Today is Tuesday, June 16, the 167th day of 2009. There are 198 days left in the year. On this date
Today is Tuesday, June 16, the 167th day of 2009. There are 198 days left in the year. On this date in 1858, as he accepts the Illinois Republican Party’s nomination for U.S. Senate, Abraham Lincoln says the slavery issue has to be resolved, declaring, “A house divided against itself cannot stand.”
In 1567, Mary, Queen of Scots, is imprisoned in Lochleven Castle in Scotland. (She escapes almost a year later, but ends up imprisoned again.) In 1903, Ford Motor Co. is incorporated. In 1932, President Herbert Hoover and Vice President Charles Curtis are re-nominated at the Republican national convention in Chicago. In 1933, the National Industrial Recovery Act becomes law. (It is later struck down by the Supreme Court.) In 1958, the Supreme Court, in Kent v. Dulles, rules that artist Rockwell Kent cannot be denied a passport because of his communist affiliations. In 1959, actor George Reeves, TV’s “Superman,” is found dead of an apparently self-inflicted gunshot wound in the bedroom of his Beverly Hills, Calif., home; he was 45. In 1963, the world’s first female space traveler, Valentina Tereshkova, is launched into orbit by the Soviet Union aboard Vostok Six. In 1976, riots break out in the black South African township of Soweto. In 1978, President Jimmy Carter and Panamanian leader Omar Torrijos exchange the instruments of ratification for the Panama Canal treaties.
June 16, 1984: Anchor Motor Freight Co. revives plans to construct a new terminal in Lordstown, primarily to transport cars from the General Motors plant.
After waiting two years for a liver transplant, Helen Tomko, 23, undergoes surgery in Presbyterian University Hospital in Pittsburgh becoming the first known liver transplant patient from Youngstown.
Dr. A. James Giannini, a Youngstown psychiatrist, is elected chairman of the Mahoning County Mental Health Board.

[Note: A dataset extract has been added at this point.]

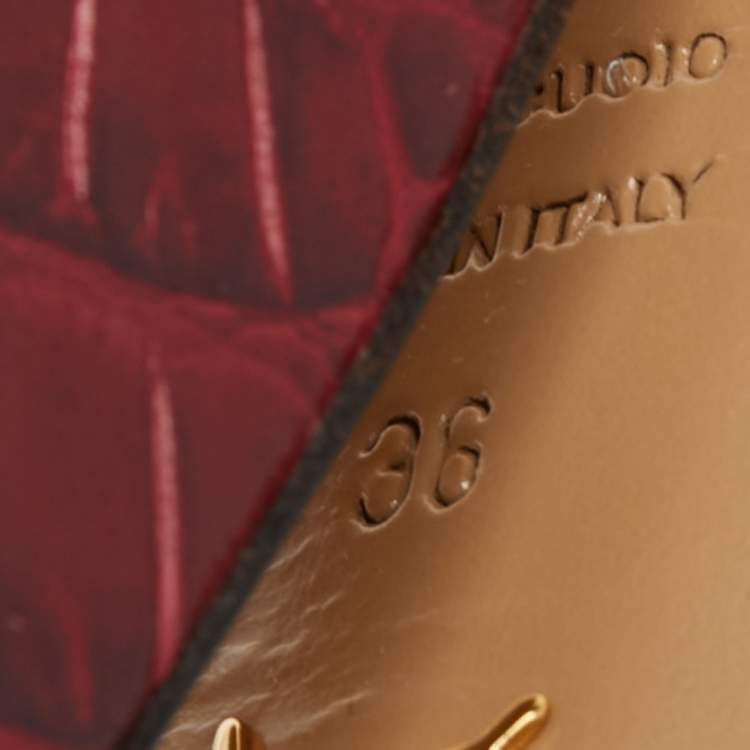Pre Owned Charlotte Olympia Burgundy Croc Embossed Leather and Suede Ankle Strap Sandals Size 36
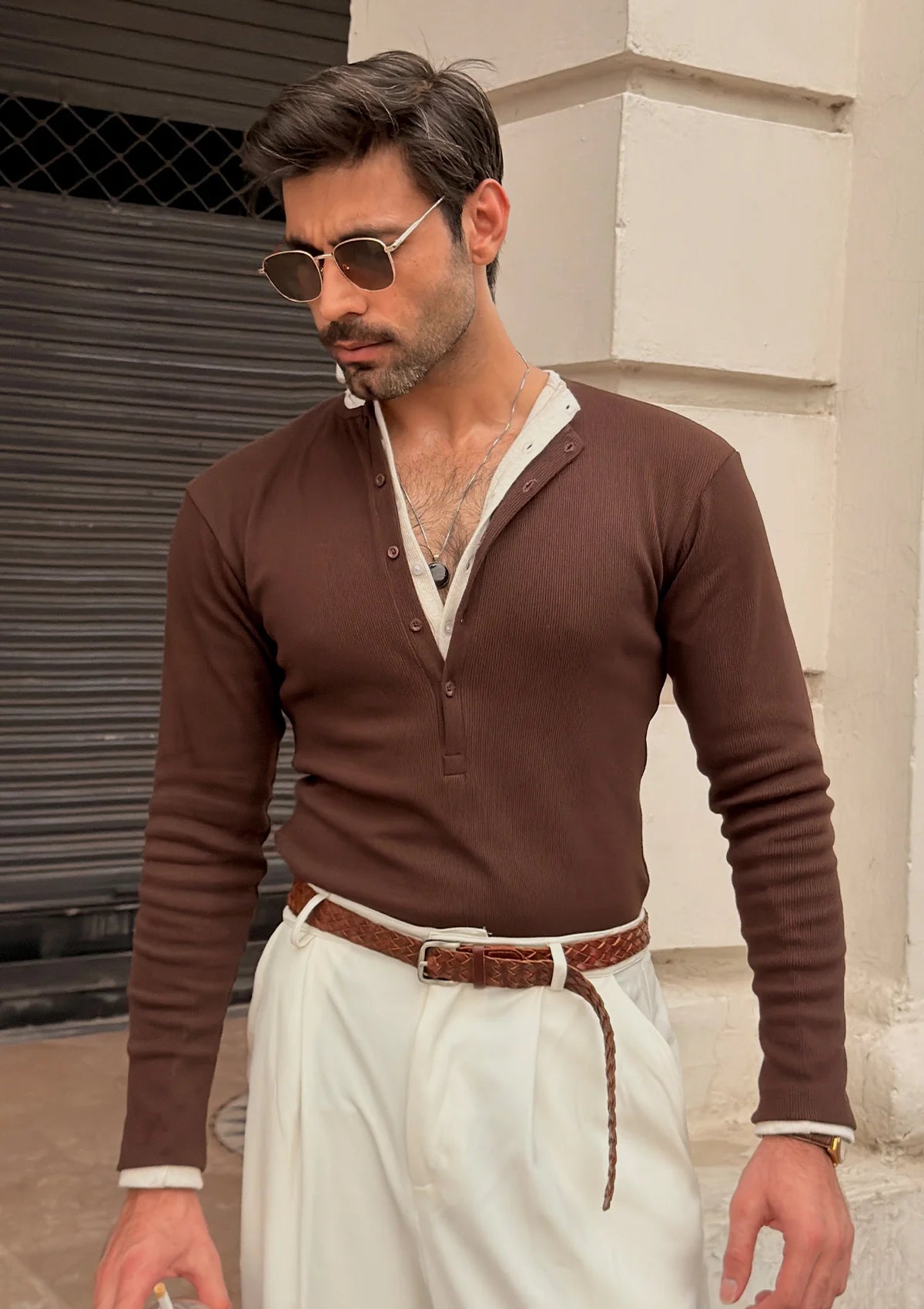 Dark Brown Rib Henley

June 16, 1969: A 25-year-old Columbus man accused of selling drugs in the Youngstown State University area is sentenced to two one-year terms in Mahoning County jail and fined $2,000 and costs for possessing hallucinatory drugs.
Safecrackers break into the McDonald’s Drive-In Restaurant at 840 E. Midlothian, force open a safe and escape with an undetermined amount of cash.
Playing at the Kenley Players in Warren, Bob Crane of TV’s “Hogan’s Heroes” and Abby Dalton in “Cactus flower.”
June 16, 1959: Board of Education members authorize Dr. J. Fred Essig to cooperate in the National Defense Act program, making about $32,000 available for scientific, mathematics and other materials for Youngstown pupils.
The U.S. Supreme Court refuses to consider an appeal by Vince DeNiro, top Youngstown and Mahoning County rackets figure, of his conviction for contempt of court for defying the padlocking of his Coitsville gambling den. He will be given a few days to get his affairs in order before he begins serving a two-year-old jail term.
First Ward Councilman Michael J. McCullion raises questions about the $10 million bond required to finance the Youngstown sewage treatment plant that threaten to delay progress on the project.
June 16, 1934: Homer Sanders, 43, is charged with involuntary manslaughter and indecently destroying a body for purpose of avoiding a coroner’s jury in the death and disappearance of Leah Dilley, 4, in Farrell. The girl died after wandering into a house Sanders was fumigating with cyanide. After he found the body, he burned it to cover up his negligence. Hundreds of people had searched for the girl for 11 days.
Playing at the Paramount, super fiends Bela Lugosi and Boris Karloff in “Black Cat”; at the Palace, Shirley Temple in “Little Miss Marker” with Adolphe Menjou, Dorothy Dell and Charles Bickford.
The Youngstown Board of Control will purchase $4,200 worth of fire hydrants from the Florence Pipe & Foundry Co. at a price of $51.44 each.